Je prends à cet instant la mesure de son irrépressible amour de l’humanité, cette empathie rare qui lui vient de son ouverture sur ce monde que Franta écoute, observe, questionne, en permanence, depuis toujours : « La peinture est vraiment extraordinaire ». C’est un « langage indirect » qui permet une variété d’interprétations en fonction de sensibilités différentes, une « lecture libre », en révolte contre un parti qui ne tolérait « qu’une seule et unique interprétation ». Il rajoute : « Elle me permet de garder les yeux ouverts sur le monde ». Un pays en particulier a marqué à jamais son œuvre.
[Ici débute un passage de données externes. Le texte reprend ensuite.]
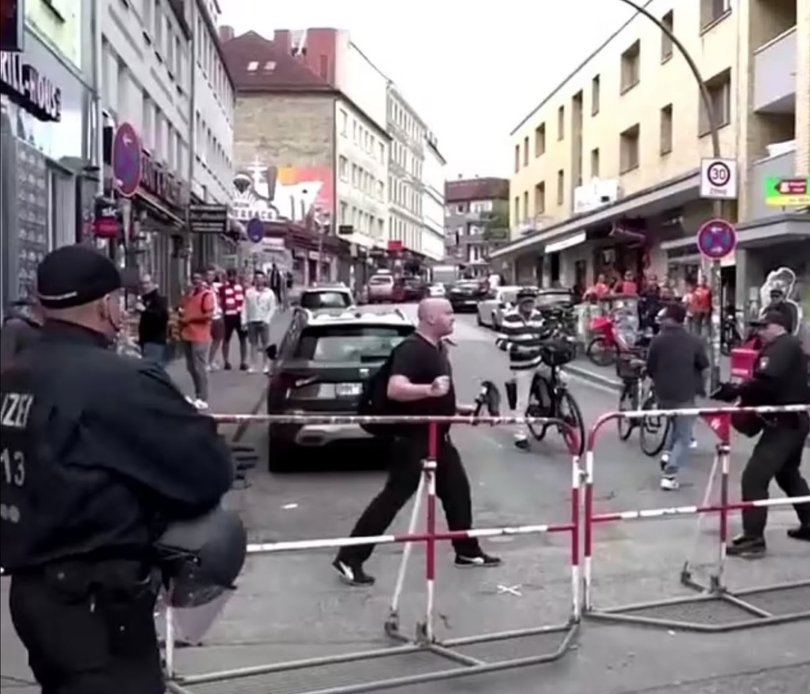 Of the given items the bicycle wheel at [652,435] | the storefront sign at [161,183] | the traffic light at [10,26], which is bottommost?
the bicycle wheel at [652,435]

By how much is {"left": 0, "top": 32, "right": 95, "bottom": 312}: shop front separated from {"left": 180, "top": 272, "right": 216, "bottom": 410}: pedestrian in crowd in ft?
6.07

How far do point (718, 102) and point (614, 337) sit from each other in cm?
1106

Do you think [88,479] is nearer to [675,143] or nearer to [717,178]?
[717,178]

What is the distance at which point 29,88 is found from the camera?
1384cm

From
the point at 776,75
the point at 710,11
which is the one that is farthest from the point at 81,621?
the point at 710,11

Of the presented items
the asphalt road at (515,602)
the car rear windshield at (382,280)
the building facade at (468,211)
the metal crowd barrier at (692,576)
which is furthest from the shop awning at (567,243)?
the building facade at (468,211)

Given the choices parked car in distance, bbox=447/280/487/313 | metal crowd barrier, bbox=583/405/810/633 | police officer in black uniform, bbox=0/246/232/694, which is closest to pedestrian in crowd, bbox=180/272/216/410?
metal crowd barrier, bbox=583/405/810/633

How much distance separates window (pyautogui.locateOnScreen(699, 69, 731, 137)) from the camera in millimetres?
32344

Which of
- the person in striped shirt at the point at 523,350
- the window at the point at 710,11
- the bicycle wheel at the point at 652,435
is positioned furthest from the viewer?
the window at the point at 710,11

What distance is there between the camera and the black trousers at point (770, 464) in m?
8.88

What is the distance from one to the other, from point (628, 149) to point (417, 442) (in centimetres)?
3688

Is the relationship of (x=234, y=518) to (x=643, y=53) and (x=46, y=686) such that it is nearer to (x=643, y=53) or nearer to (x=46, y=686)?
(x=46, y=686)

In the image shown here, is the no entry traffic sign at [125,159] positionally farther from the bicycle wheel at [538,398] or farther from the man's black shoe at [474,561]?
the man's black shoe at [474,561]

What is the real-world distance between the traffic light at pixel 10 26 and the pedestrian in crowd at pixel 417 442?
325 centimetres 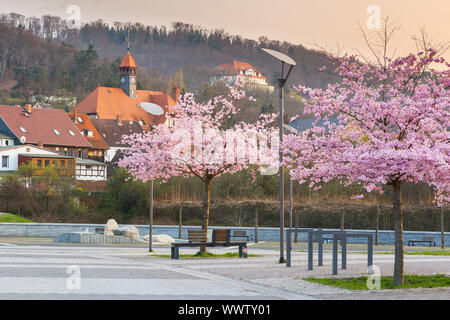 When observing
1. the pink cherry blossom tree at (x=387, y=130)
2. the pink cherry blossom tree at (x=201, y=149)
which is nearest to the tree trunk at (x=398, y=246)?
the pink cherry blossom tree at (x=387, y=130)

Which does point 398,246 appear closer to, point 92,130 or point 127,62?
point 92,130

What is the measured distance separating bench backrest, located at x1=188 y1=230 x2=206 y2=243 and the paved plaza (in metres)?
0.97

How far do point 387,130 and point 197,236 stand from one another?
9.19 meters

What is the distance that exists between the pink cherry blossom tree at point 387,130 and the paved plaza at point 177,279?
2399 mm

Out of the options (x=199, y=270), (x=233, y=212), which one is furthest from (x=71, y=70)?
(x=199, y=270)

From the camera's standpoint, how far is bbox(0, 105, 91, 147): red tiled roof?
265 ft

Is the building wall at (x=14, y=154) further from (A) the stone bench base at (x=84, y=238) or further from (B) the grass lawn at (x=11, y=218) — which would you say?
(A) the stone bench base at (x=84, y=238)

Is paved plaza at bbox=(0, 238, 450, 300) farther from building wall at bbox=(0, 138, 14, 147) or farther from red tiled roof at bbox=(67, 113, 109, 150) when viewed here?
red tiled roof at bbox=(67, 113, 109, 150)

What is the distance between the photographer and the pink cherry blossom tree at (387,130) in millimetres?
14125

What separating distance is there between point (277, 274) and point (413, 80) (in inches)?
221

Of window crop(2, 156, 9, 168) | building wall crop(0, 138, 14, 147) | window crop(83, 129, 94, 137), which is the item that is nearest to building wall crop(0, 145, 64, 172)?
window crop(2, 156, 9, 168)

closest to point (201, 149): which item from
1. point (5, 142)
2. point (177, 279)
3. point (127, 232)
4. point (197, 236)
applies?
point (197, 236)

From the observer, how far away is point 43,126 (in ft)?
272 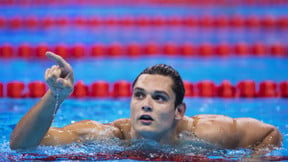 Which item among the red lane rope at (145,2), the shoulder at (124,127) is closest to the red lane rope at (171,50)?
the red lane rope at (145,2)

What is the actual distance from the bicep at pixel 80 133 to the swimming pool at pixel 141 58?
74mm

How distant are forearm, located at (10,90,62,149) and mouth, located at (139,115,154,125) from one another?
17.0 inches

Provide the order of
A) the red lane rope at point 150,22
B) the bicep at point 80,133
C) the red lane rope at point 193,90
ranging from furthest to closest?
the red lane rope at point 150,22 < the red lane rope at point 193,90 < the bicep at point 80,133

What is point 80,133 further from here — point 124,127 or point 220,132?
point 220,132

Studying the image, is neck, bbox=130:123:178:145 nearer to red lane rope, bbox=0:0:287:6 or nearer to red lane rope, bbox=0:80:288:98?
red lane rope, bbox=0:80:288:98

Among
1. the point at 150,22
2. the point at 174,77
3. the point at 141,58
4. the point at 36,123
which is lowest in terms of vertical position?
the point at 36,123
Lorsqu’il découvre l’Afrique et la beauté sans artifice du corps noir, la relation simple, directe, primale et fondamentale de l’homme avec la nature, son respect des coutumes ancestrales, il retrouve la « saveur » du bonheur. Fasciné par la dichotomie entre le cerveau humain, capable de produire tant d’atrocités et « l’enveloppe humaine pleine d’émotion et d’énergie », il s’attache désormais à peindre ce corps qui capture et réfléchit la lumière (cette « Noire Clarté » chez Adam et Eve, 1982). Ce corps « originel », tendu comme un miroir, à la fois métaphore et manifeste du vitalisme exubérant qui habite toute l’œuvre, Franta va désormais l’exalter et le célébrer sans retenue, pudeur ni mesure : corps masculins aux muscles bandés et puissants, corps au travail, rondeurs féminines douces ou arrogantes, élégance et sensualité des lignes dans l’attente, l’éveil, l’étreinte et l’extase amoureux.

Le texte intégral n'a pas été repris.